Warum ist der Neumarkt zu eine der großen Attraktionen Dresdens geworden? Die erste Antwort ist banal: Weil die Frauenkirche wiederaufgebaut wurde. „Gegen den Widerstand der Mehrheit der bundesdeutschen Denkmalpfleger“, wie sich Gerhard Glaser erinnert, früherer Landeskonservator und Mitglied der Gestaltungskommission Kulturhistorisches Zentrum. Das städtische Gremium hat seinen Anteil daran, dass sich der Neumarkt zu einem architektonischen Ensemble entwickelt, das den historischen Stadtgrundriss wiederherstellt, Gebäudefassaden rekonstruiert und sich dennoch den Anforderungen der Neuzeit an ein Gebäude stellt.

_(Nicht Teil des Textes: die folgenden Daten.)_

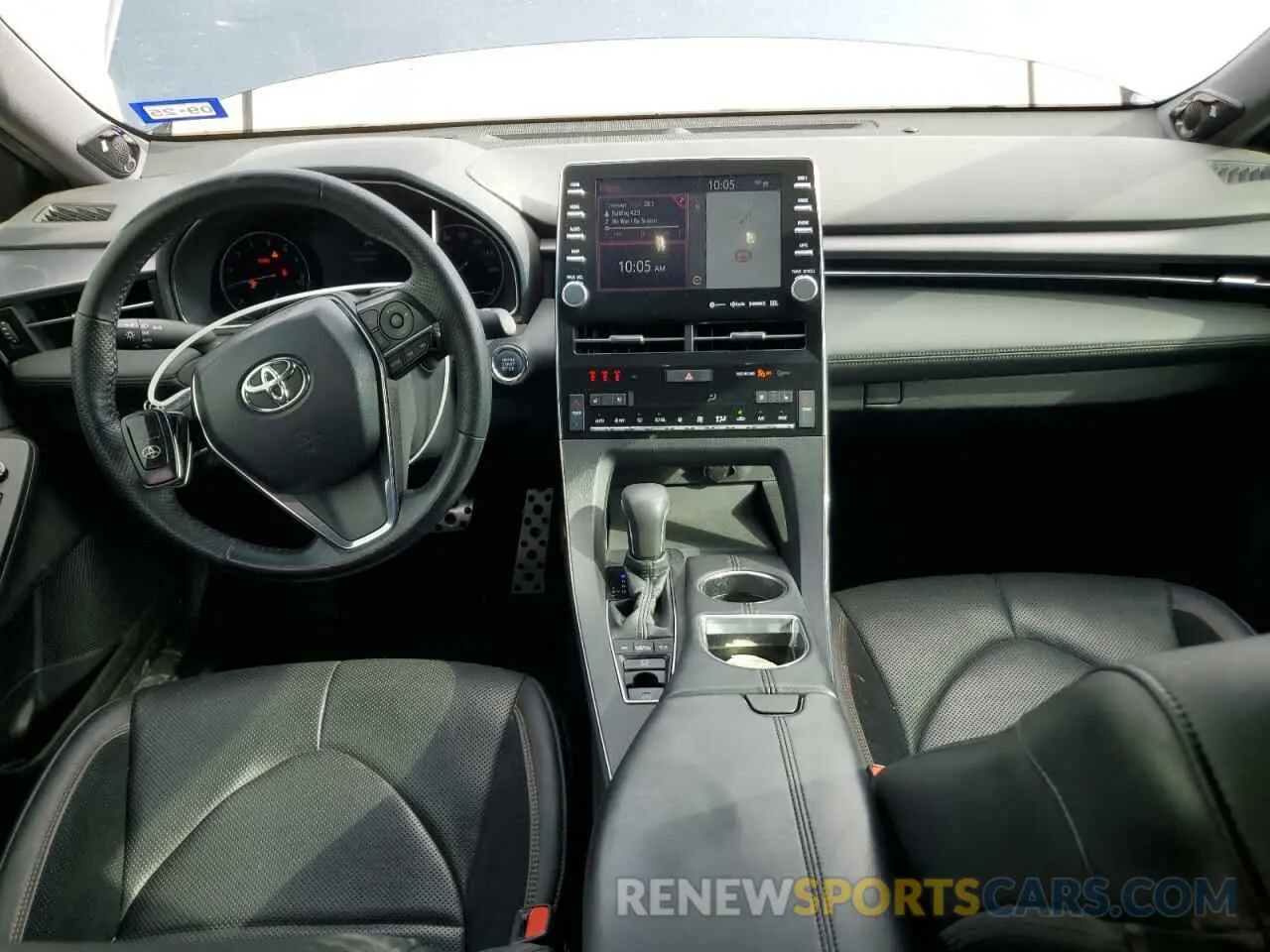8 Photograph of a damaged car 4T1BZ1FB8KU011543 TOYOTA AVALON 2019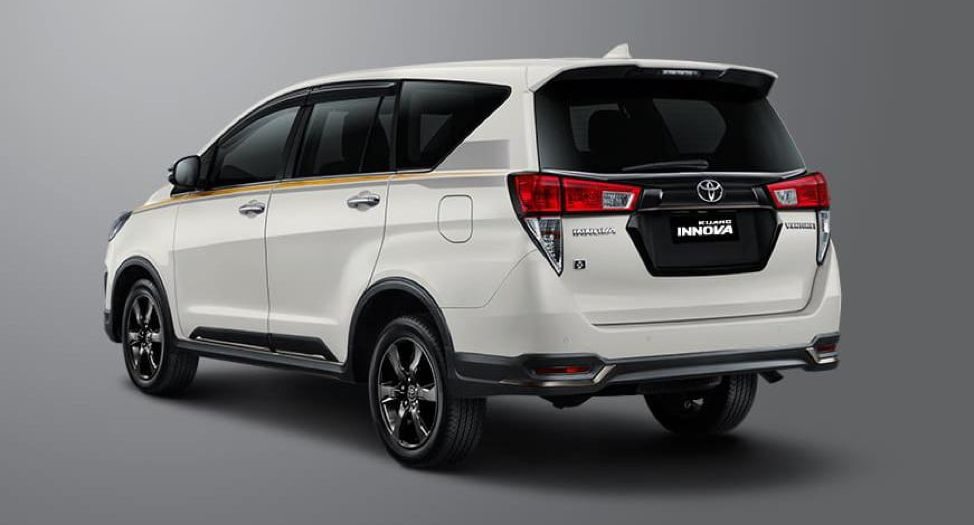 Sewa / Carter Mobil Toyota Innova Reborn Murah Rp850.000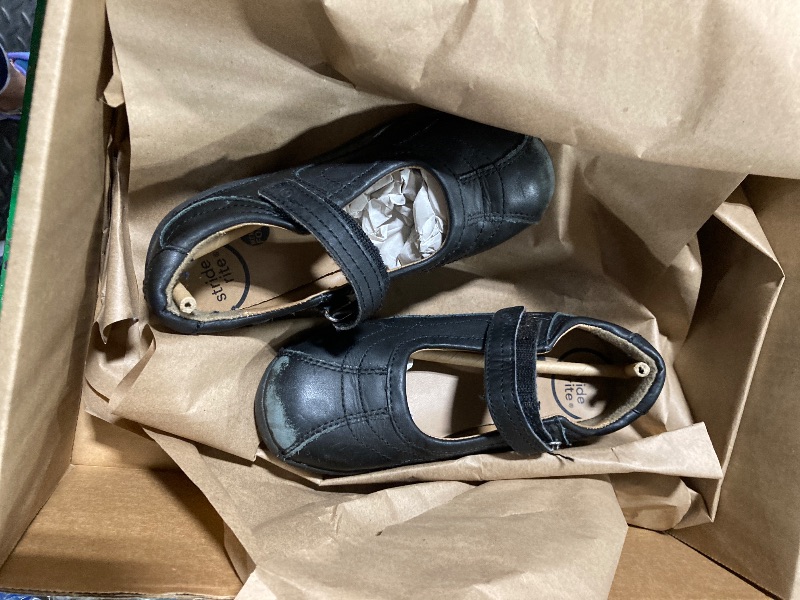 Photo 1 of ***VERY USED***
Stride Rite Girls Claire Xw-K Ballet Flat, Black, 13 Wide Little Kid
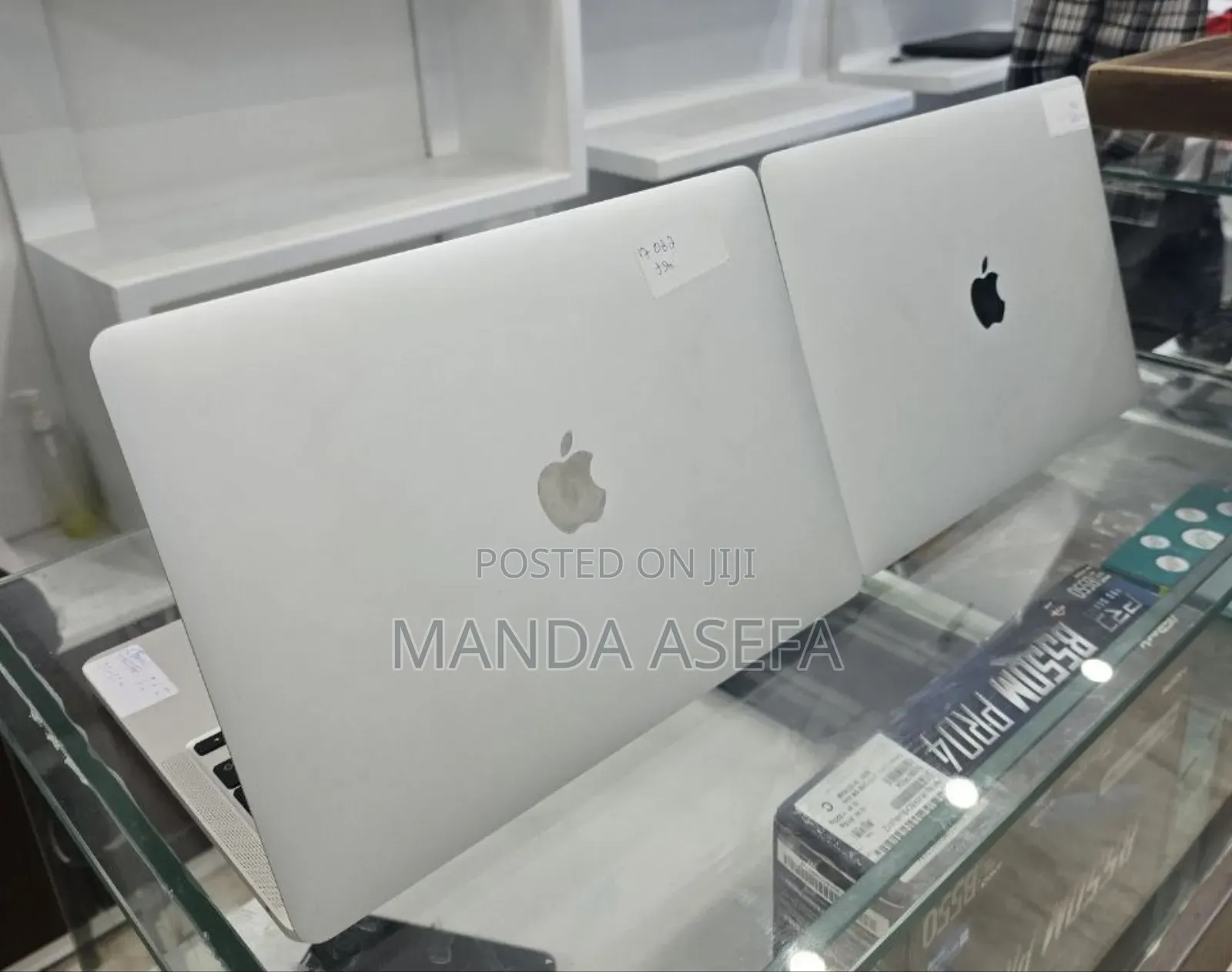 New Laptop Apple MacBook Pro M1 8GB Apple M1 SSD 256GB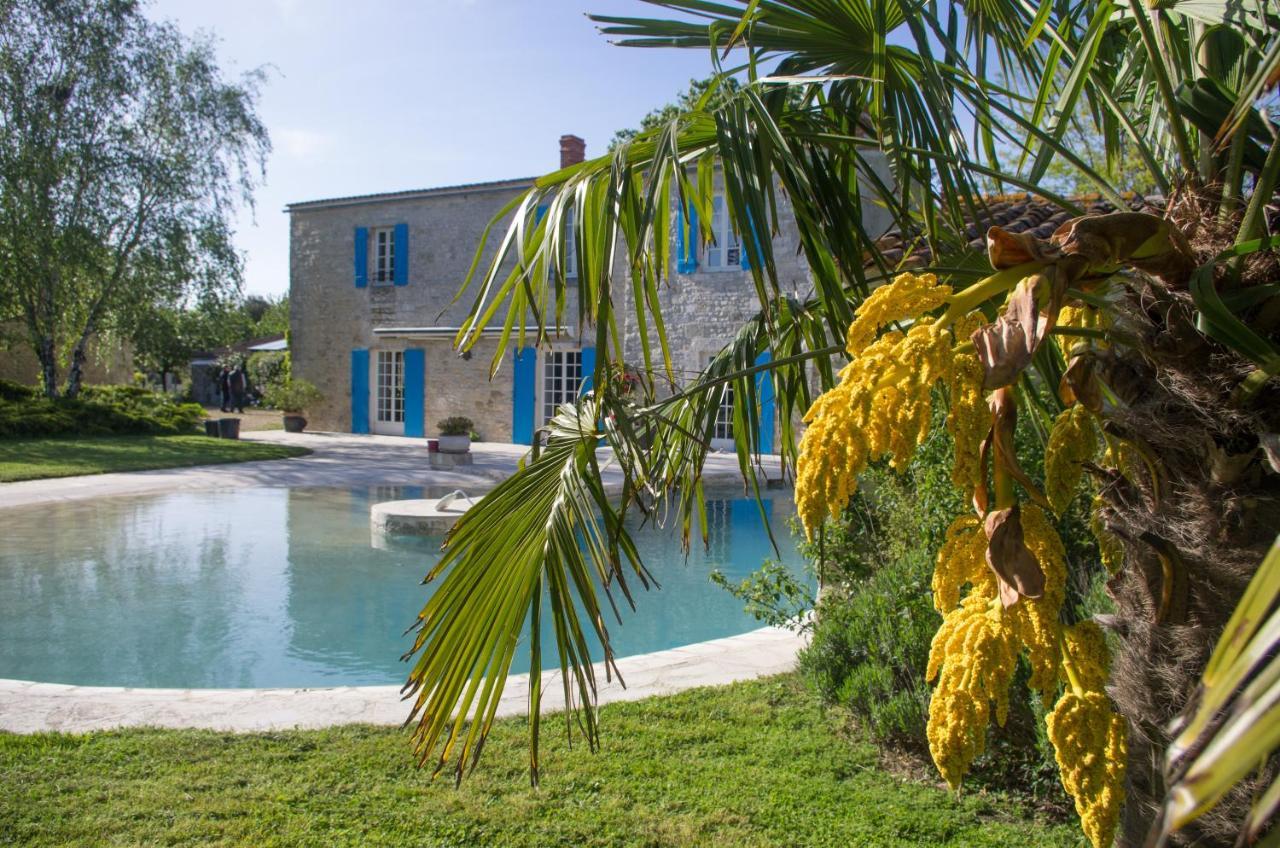 Logis Saint Leonard Panzió Dompierre-sur-Mer Kültér fotó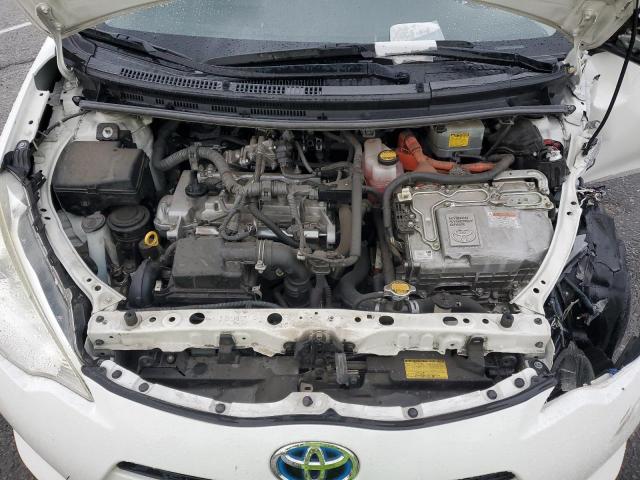Toyota Prius Image 10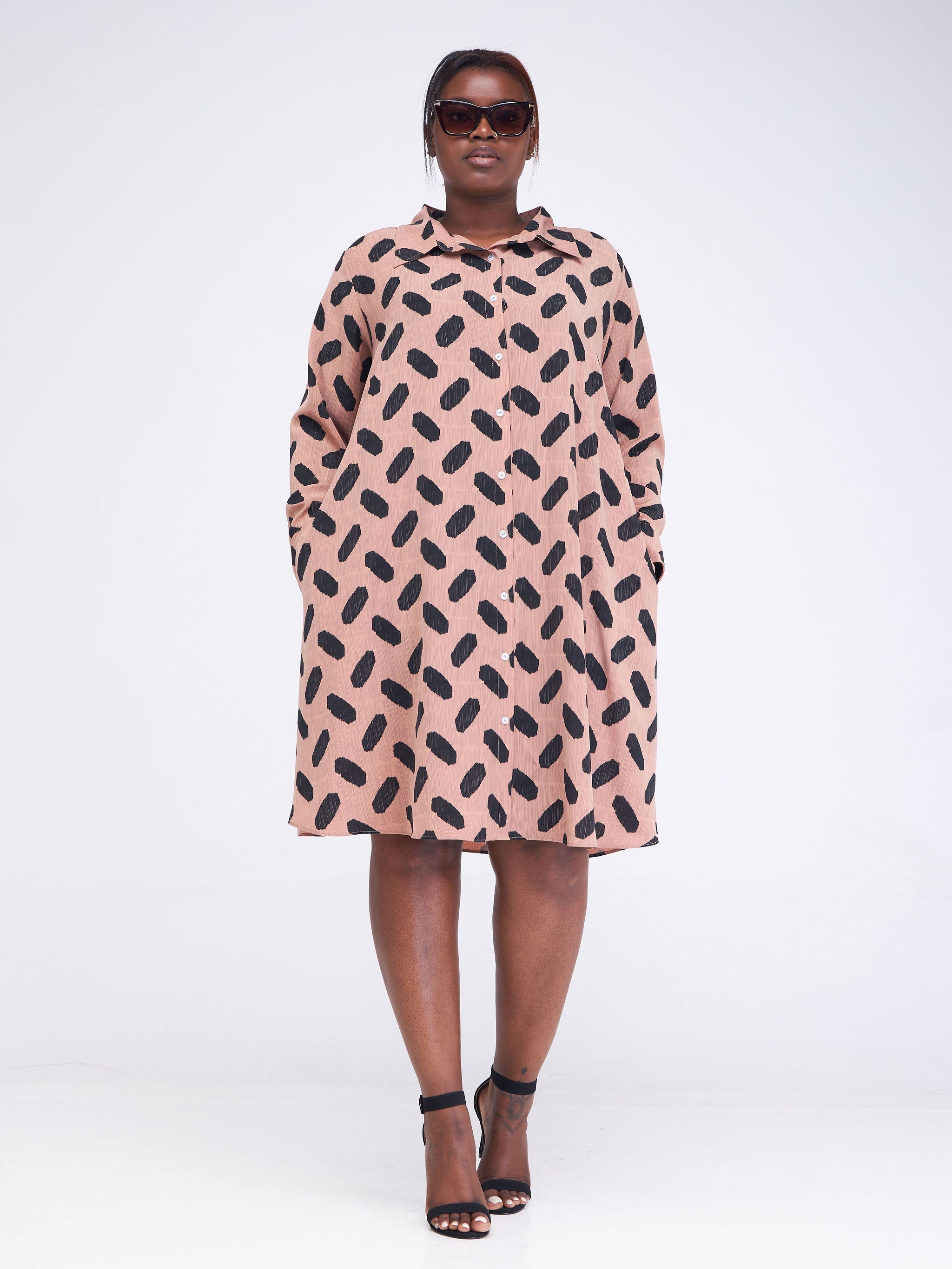 Vivo Basic Long Sleeve Tent Shirt Dress - Taupe / Black Abstract Print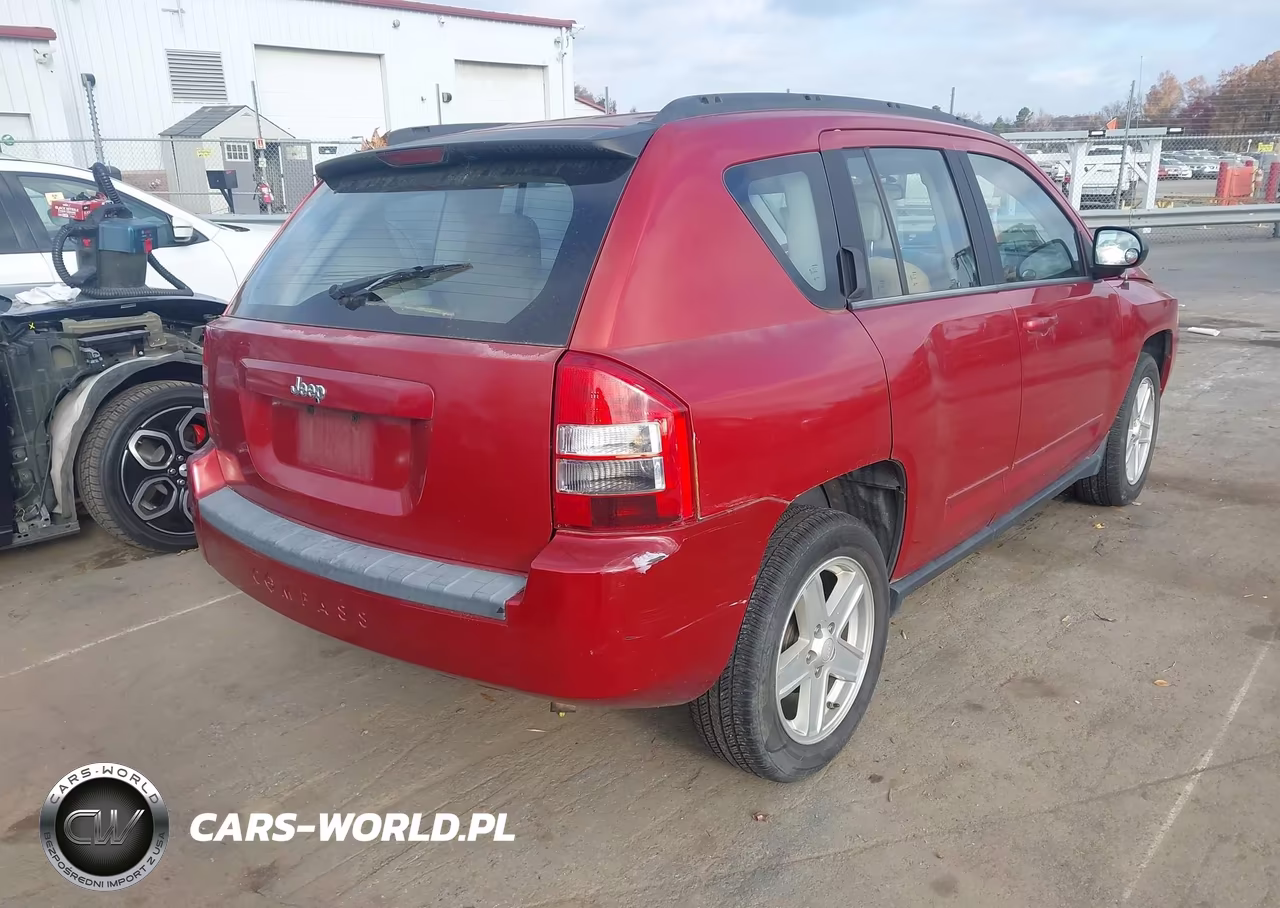 2010 Jeep Compass Sport VIN:1J4NT4FB8AD549592 - 4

Die Gestaltungskommission gab jetzt erstmals seit ihrer Gründung 1998 Einblicke in ihre Arbeit. Harmonisch geht es nicht immer zu, wenn zwischen Interessen von Investoren und der Stadtentwicklung moderiert werden muss. „Dresden kann stolz darauf sein, dass es so ein Gremium gibt“, sagt der Berliner Kunsthistoriker Joachim Kuke. „Wenn man Architekten laufen lässt, entstehen mitunter Monstrositäten. Gute Architektur lebt von Zwängen.“

Die Gestaltungskommission sei dazu da, Zwänge auszuüben. Das vom berühmten Landeskonservator Hans Nadler schon in den 1970er Jahren entwickelte Leitfassaden-Konzept zwinge die Architekten dazu, sich mit dem Ort auseinanderzusetzen, mit seiner Geschichte, den Verbindungen zu anderen Gebäuden in der Nachbarschaft, so Kuke. Dresden, lobt der Kunsthistoriker, habe es geschafft, trotz aller deutschen Baugesetze die historischen Gassen und Abstände wieder aufleben zu lassen. „Nirgendwo sonst wird so eng gebaut wie hier am Neumarkt.“ Das Konzept der Leitfassaden werde unter anderem in Potsdam und Frankfurt/Main fortgeführt. „Dresden hat eine Vorbildfunktion für viele andere Städte.“

Die Berliner Architektin Marina Stankovic, in Kanada geboren und Italien aufgewachsen, sieht die unterschiedlichen Schichten der Stadt am Neumarkt aufleben. An manchen Plätzen seien in der Vergangenheit Gebäude abgerissen und neue errichtet worden. Das „Hotel de Saxe“ etwa sei durch die Königliche Post ersetzt worden. Die Gestaltungskommission habe entschieden, dass nicht das Postgebäude rekonstruiert wird, sondern das Hotel.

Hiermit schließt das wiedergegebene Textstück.